17 June 2006

Resurrection

Well, I've decided to drag this thing back out. I should have been writing some over the last month or so that I've been roaming around, but I never thought about it.

Right now I'm in Lott's Creek, KY. The nearest place that is on a map is Bulan, KY. We are about 20 minutes from Hazard. I'm working for Appalachia Service Project (www.asphome.org) helping out in Knott, Perry, and Letcher counties.

I think the most surprising thing is that people in these areas are living much like the people I was hanging out with in Venezuela...except that this is America and we have sufficient resources, infrastructure etc that it's a disgrace that people are living like this. However, with most organizations like I have felt like we weren't doing anything that important, but here I'm seeing a family about to get their first indoor bathroom and another get a room addition to their trailer that will allow them to adopt some related children currently in state custody. Good stuff.

Coal rules this part of the state.
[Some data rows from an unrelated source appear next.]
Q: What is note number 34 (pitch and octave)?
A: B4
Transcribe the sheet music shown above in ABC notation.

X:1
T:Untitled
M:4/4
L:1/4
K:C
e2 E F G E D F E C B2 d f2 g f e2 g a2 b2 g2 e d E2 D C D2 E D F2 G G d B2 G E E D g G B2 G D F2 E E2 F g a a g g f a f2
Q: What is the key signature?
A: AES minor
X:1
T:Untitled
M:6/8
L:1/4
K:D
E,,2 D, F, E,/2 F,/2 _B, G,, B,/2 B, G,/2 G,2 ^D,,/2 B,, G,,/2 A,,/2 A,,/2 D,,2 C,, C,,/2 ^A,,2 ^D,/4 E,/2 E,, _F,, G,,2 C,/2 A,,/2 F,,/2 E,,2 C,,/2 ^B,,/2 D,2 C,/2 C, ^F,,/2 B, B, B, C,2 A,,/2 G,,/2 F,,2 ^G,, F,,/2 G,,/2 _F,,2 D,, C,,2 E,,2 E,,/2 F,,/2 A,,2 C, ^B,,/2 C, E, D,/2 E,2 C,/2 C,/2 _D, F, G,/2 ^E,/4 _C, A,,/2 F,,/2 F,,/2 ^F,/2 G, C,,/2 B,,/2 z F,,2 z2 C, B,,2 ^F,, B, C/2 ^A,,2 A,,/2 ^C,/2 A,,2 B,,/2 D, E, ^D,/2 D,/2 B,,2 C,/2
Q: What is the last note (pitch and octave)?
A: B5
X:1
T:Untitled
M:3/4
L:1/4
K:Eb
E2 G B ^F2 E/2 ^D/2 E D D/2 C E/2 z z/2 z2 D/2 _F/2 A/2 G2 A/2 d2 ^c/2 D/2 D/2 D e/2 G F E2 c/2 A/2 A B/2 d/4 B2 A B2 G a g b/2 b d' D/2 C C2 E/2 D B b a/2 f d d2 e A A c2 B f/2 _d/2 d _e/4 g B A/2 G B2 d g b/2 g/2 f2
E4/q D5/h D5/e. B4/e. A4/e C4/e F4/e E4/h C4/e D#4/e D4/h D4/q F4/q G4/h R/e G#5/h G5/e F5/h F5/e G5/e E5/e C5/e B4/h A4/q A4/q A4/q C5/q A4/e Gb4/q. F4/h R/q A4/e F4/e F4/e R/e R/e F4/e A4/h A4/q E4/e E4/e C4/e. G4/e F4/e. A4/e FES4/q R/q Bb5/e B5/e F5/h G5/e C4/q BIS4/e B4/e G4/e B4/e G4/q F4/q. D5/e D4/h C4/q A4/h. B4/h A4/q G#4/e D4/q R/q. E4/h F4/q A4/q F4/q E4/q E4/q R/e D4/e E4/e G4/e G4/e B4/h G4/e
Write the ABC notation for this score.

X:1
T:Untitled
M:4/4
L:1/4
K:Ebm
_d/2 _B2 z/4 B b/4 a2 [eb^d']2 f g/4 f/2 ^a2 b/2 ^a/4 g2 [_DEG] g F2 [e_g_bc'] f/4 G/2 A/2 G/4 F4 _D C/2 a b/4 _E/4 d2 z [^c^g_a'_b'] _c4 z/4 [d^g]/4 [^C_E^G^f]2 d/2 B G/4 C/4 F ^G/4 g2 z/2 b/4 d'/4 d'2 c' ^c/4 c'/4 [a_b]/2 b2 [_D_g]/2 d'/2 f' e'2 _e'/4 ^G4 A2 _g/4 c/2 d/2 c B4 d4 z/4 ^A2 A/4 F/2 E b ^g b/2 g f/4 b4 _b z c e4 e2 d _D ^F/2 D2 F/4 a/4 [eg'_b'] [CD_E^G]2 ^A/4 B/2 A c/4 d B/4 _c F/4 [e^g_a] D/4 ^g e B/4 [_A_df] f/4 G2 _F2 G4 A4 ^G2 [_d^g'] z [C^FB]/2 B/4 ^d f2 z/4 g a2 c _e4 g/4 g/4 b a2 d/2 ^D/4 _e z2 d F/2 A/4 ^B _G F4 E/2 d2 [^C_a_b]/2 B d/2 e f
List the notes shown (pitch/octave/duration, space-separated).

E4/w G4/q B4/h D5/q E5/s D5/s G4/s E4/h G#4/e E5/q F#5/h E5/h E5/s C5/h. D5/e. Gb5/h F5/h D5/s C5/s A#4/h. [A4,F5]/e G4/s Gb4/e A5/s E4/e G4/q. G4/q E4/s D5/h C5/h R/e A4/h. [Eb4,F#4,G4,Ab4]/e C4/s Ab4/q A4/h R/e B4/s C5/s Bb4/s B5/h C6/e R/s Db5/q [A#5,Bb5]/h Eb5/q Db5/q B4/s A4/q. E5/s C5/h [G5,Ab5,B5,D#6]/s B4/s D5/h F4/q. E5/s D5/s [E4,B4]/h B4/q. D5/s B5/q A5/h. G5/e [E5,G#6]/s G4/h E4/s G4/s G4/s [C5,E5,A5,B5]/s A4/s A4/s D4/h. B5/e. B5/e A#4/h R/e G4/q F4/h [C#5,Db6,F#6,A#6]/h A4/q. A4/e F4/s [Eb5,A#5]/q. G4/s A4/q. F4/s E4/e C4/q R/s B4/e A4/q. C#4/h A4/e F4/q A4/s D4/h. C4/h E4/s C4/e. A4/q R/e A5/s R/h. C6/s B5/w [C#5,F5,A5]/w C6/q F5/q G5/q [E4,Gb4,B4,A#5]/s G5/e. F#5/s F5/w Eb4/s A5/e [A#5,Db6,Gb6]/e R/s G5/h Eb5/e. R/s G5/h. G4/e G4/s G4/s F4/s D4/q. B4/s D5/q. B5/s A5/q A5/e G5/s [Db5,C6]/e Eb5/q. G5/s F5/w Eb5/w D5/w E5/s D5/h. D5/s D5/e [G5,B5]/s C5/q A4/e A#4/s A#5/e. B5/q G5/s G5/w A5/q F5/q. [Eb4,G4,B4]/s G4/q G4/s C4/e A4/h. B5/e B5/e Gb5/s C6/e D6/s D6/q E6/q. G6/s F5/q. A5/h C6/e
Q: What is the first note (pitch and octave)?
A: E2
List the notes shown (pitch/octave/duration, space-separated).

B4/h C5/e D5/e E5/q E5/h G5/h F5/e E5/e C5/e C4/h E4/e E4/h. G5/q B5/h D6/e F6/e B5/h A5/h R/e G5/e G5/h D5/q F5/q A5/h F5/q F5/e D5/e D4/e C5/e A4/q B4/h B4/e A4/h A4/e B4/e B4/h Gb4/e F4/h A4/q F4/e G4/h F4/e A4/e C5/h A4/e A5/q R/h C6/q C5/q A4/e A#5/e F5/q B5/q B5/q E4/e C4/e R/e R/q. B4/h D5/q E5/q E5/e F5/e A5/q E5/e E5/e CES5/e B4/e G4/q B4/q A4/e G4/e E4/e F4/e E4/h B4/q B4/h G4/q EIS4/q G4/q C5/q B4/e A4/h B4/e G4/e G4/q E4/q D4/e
I've heard statements like that before, and thought it was an exageration. I also couldn't believe when people would say that mountain top removal mining would flatten the central Applachians. As I've driven around, it seems like maybe every third mountain has been reduced to a big field, and as I understand it there are more contracts out for these huge surface mines than there are mines currently operating. While the process of flattening a mountain is awe-inspiring in it's scale and methods, this area is on its way to looking like Kansas. And making it even more absurd, mountain top removal mining is illegal in Kentucky. Hmmm. How does that work? Our society/government have some serious problems.

Coal trucks rule the roads. If a road is used by the coal companies, the state stops maintaining it forcing the coal companies to shoulder the burden, and the trucks drive on it as if they own it. They are frequent and you learn to get out of the way quickly. This is also the dustiest place I've ever lived (surpassing even the Eastern WA desert), but with a large percentage of the ground being moved around, ground up and dumped into valleys, it shouldn't be too surprising.

The people here have mostly been extremely nice and welcoming. Maybe it's not that Latin American (or whatever other) culture is just nicer, it could very well be that poor people are, as a general rule, nicer than people with more money.